Darn you, Kai Lord! I broke a rib laughing! I'm sending you the medical bill right now!


----------



## Magius del Cotto (Sep 19, 2002)

My, that puts all of the wierd (but somehow effective) stuff that I've been through with my old group to shame.  Wow, you must've been creatively miffed (or, conversely, he uncreatively confused).


----------



## Xarlen (Sep 19, 2002)

You are a very spiteful man.


----------



## Kai Lord (Sep 19, 2002)

Xarlen said:
			
		

> *You are a very spiteful man. *




It was just a joke, dude.


----------



## Triumph (Sep 19, 2002)

Hee hee hee.  Greatness!


----------



## Anubis (Sep 20, 2002)

That was the funniest story I ever heard!

ROTFLMAO!


----------



## kenjib (Sep 20, 2002)

That is hilarious!!!

Tony is a surrealist genius.


----------



## Bran Blackbyrd (Sep 21, 2002)

Oh man. That is absolutely hilarious! 
Thanks for sharing. 

If my players ever complain that the adventure is going badly I'll show them this and then wait for the apologies.


----------



## Carnifex (Sep 21, 2002)

Oh gods that is funny  I've been getting odd glances from other people in the computer room because I've been laughing so hard.

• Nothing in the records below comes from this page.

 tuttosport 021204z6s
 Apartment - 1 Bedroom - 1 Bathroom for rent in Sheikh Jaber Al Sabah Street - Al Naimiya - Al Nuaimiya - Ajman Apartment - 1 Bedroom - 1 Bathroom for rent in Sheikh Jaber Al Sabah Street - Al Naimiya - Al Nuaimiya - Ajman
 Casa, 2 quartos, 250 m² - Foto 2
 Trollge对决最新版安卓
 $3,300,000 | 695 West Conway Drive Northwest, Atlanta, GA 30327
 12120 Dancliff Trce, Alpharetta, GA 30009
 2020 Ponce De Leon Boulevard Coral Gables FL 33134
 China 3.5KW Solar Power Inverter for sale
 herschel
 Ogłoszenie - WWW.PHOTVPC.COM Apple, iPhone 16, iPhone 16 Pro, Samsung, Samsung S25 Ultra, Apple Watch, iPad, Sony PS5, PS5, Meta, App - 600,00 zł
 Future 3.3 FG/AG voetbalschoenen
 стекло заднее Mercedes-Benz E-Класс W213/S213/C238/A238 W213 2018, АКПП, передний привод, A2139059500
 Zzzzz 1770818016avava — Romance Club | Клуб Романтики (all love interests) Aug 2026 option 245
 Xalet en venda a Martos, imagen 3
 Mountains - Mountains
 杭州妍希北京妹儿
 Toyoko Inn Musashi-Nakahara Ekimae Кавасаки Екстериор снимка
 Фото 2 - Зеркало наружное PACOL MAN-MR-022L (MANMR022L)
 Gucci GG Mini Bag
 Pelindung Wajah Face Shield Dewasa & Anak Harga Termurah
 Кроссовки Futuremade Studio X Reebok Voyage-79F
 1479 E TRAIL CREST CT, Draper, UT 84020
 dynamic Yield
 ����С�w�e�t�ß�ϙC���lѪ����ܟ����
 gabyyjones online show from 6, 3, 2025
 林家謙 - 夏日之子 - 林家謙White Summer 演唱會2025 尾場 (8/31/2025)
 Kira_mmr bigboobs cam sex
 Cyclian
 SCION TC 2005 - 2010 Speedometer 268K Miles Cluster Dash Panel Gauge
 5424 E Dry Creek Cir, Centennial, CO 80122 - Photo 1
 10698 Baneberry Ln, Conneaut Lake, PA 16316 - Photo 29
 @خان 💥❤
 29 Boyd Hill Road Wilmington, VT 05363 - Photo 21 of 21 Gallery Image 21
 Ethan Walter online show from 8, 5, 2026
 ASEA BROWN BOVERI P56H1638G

I have to admit I've done similar things before though, although nothing quite so spectacular. We were a party being run through some dungeon and the DM really hadn't done much in the way of prep work when it came to thinking about what the PO's might do that would differentiate from what he thought would happne.

Oops.

Well, it started badly when I was playing a dwarven cleric. I don't think I had much choice about character type, I seem to remember he handed us each out a ready-made character. Dwarven cleric, fine, but I ask him what god I worshipped.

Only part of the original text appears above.